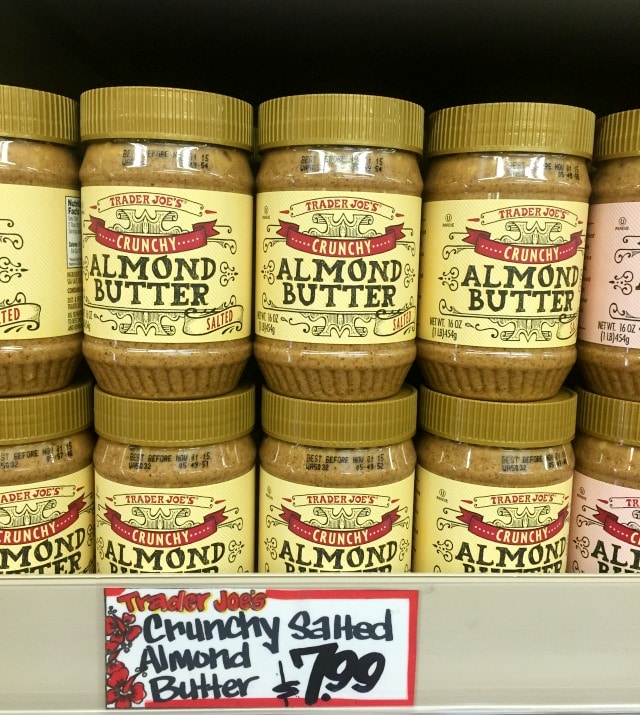 crunchy salted almond butter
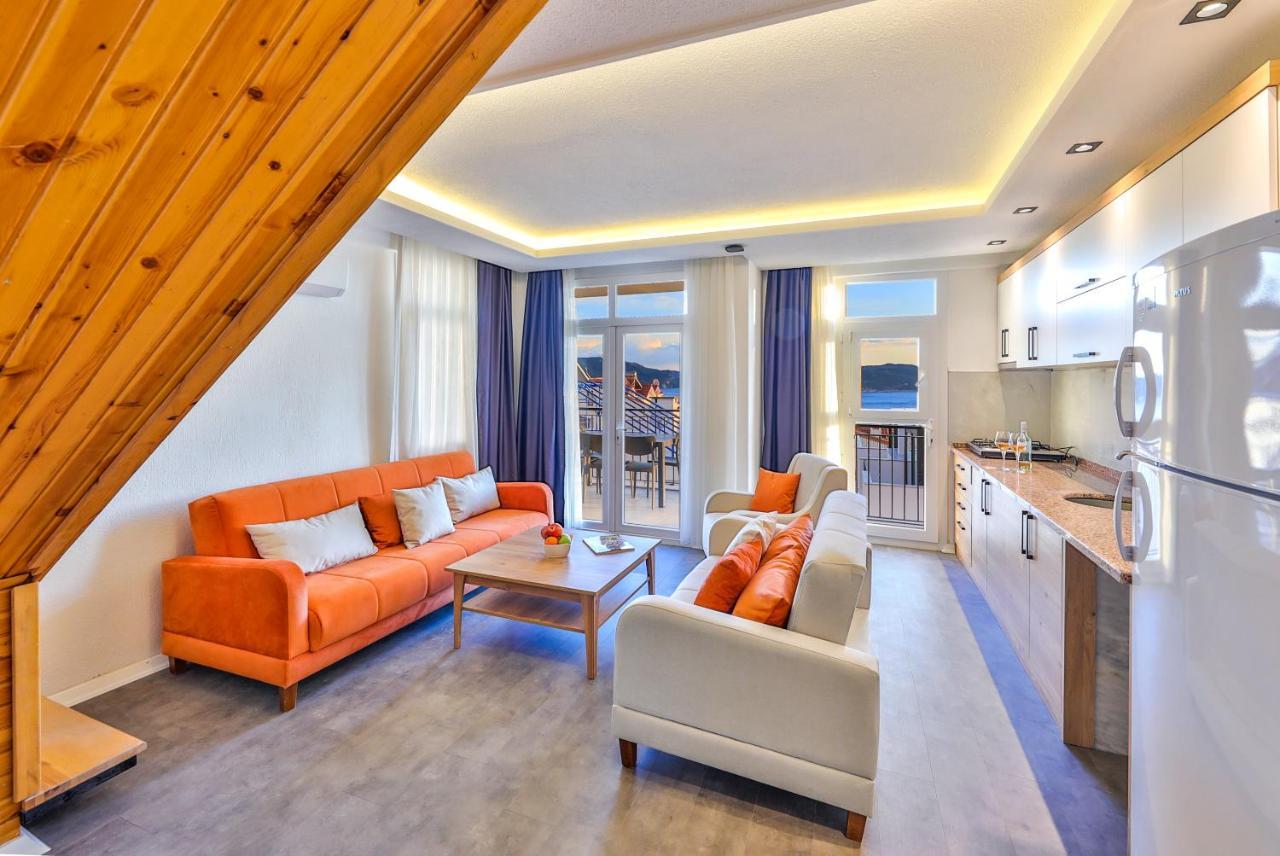 Apartament Tugce Apart Kaş Zewnętrze zdjęcie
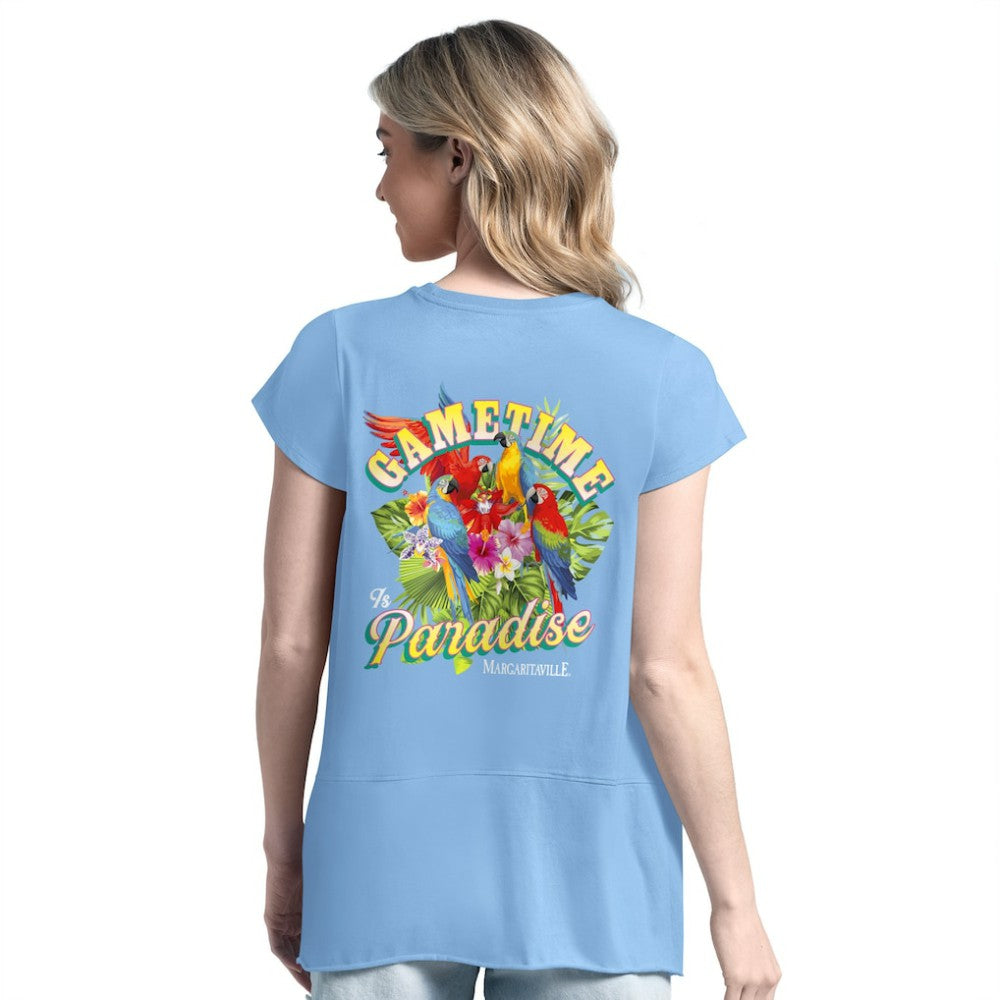 MLB Los Angeles Dodgers Margaritaville Women's Gametime is Paradise T-Shirt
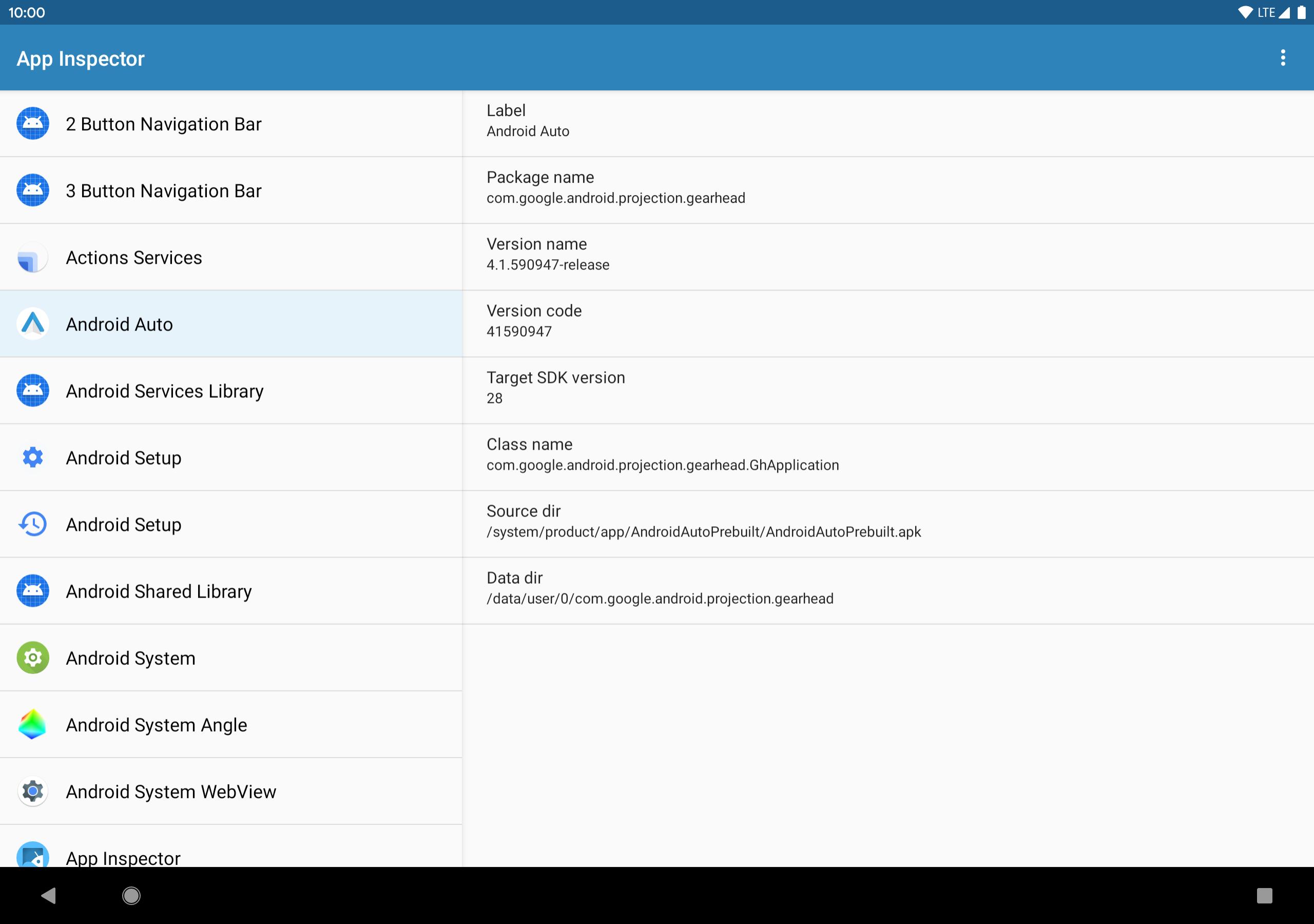 App Inspector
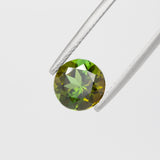 Olive Bi-Colour Tourmaline Oval 2.32 carats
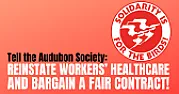 CWA: Tell National Audubon Society Leadership to Reinstate Workers' Healthcare [telecom] |  National Audubon Society workers formed a union last year to ensure  their...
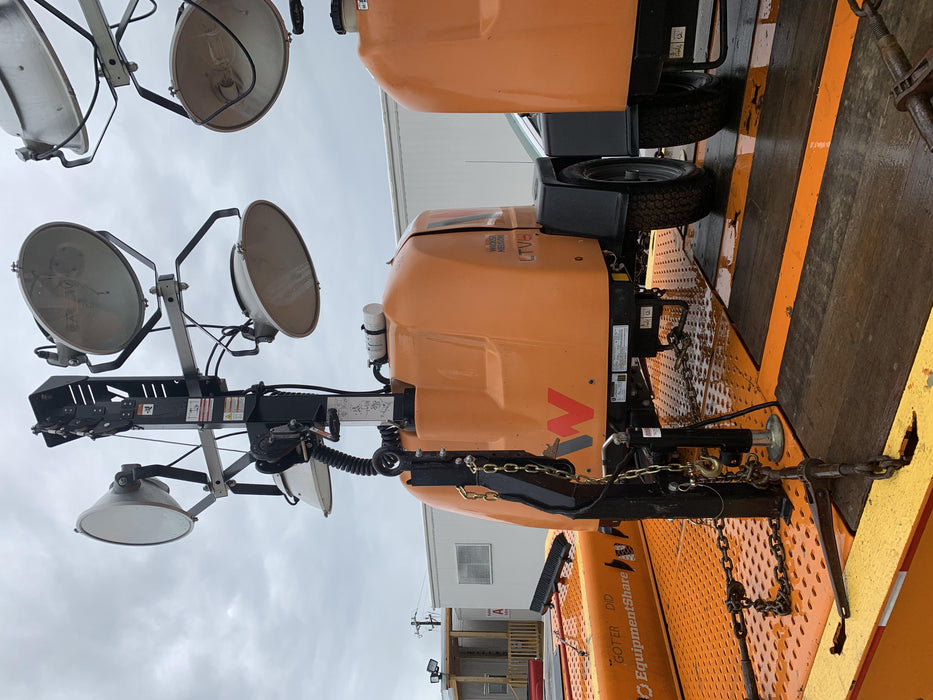 2020 Wacker Neuson LTV6K Ball 2/Pintle 2.5 Combo Hitch Kubota Cold Weather D1X05 Kubota Engine Block Heater D1X05 Telematics EQ SH Kubota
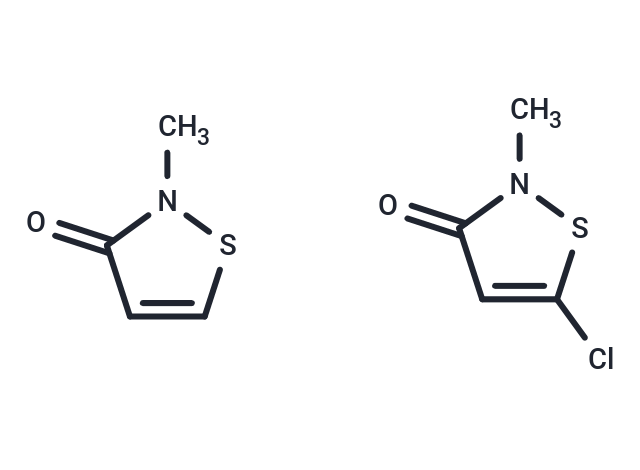 Methylchloroisothiazolinone/Methylisothiazolinone Mixture|T37963|TargetMol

### WHAT THE TASK REQUIRES
Return the full material word for word. Do not include the pictures.

### RESULT BELOW
 crunchy salted almond butter
 Apartament Tugce Apart Kaş Zewnętrze zdjęcie
 MLB Los Angeles Dodgers Margaritaville Women's Gametime is Paradise T-Shirt
 App Inspector
 Olive Bi-Colour Tourmaline Oval 2.32 carats
 CWA: Tell National Audubon Society Leadership to Reinstate Workers' Healthcare [telecom] |  National Audubon Society workers formed a union last year to ensure  their...
 2020 Wacker Neuson LTV6K Ball 2/Pintle 2.5 Combo Hitch Kubota Cold Weather D1X05 Kubota Engine Block Heater D1X05 Telematics EQ SH Kubota
 Methylchloroisothiazolinone/Methylisothiazolinone Mixture|T37963|TargetMol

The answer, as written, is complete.